*** Block opens ***
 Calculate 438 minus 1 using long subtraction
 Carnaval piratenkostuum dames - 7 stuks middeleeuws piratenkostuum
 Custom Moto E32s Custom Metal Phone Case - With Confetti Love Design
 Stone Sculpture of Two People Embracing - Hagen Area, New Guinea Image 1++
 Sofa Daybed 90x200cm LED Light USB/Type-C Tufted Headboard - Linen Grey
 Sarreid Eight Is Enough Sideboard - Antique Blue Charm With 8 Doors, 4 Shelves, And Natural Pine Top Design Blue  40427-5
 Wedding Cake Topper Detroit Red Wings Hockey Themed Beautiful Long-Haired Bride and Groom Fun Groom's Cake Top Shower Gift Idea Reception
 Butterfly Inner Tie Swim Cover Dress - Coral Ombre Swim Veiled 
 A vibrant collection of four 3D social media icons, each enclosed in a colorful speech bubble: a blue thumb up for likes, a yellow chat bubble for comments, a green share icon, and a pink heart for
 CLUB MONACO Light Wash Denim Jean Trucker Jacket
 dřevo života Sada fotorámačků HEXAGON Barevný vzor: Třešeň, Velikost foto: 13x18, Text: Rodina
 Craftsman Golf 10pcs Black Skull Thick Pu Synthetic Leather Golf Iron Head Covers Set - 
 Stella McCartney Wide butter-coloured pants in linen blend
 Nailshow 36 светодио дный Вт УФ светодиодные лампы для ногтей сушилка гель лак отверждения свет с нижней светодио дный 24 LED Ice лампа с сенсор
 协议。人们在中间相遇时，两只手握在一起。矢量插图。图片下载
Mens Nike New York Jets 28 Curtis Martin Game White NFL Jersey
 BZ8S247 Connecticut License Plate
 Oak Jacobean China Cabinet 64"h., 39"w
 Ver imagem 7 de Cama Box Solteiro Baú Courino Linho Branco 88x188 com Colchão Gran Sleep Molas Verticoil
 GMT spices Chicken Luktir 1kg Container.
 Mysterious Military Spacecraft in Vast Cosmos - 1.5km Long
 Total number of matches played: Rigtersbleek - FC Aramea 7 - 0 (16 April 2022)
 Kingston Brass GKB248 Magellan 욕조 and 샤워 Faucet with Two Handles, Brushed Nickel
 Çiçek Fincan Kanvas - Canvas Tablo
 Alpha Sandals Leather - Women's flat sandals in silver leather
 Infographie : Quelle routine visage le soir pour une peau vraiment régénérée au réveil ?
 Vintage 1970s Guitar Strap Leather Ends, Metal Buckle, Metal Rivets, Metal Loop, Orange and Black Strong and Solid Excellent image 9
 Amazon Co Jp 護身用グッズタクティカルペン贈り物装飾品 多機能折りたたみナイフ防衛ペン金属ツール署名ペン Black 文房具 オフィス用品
*** Block closes ***
• THE PROBLEM:
Going back over the entries above, copy word for word every line from the one that has "Kingston Brass GKB248" on through the one that has "Vintage 1970s Guitar".

• PROBLEM SOLUTION:
 Kingston Brass GKB248 Magellan 욕조 and 샤워 Faucet with Two Handles, Brushed Nickel
 Çiçek Fincan Kanvas - Canvas Tablo
 Alpha Sandals Leather - Women's flat sandals in silver leather
 Infographie : Quelle routine visage le soir pour une peau vraiment régénérée au réveil ?
 Vintage 1970s Guitar Strap Leather Ends, Metal Buckle, Metal Rivets, Metal Loop, Orange and Black Strong and Solid Excellent image 9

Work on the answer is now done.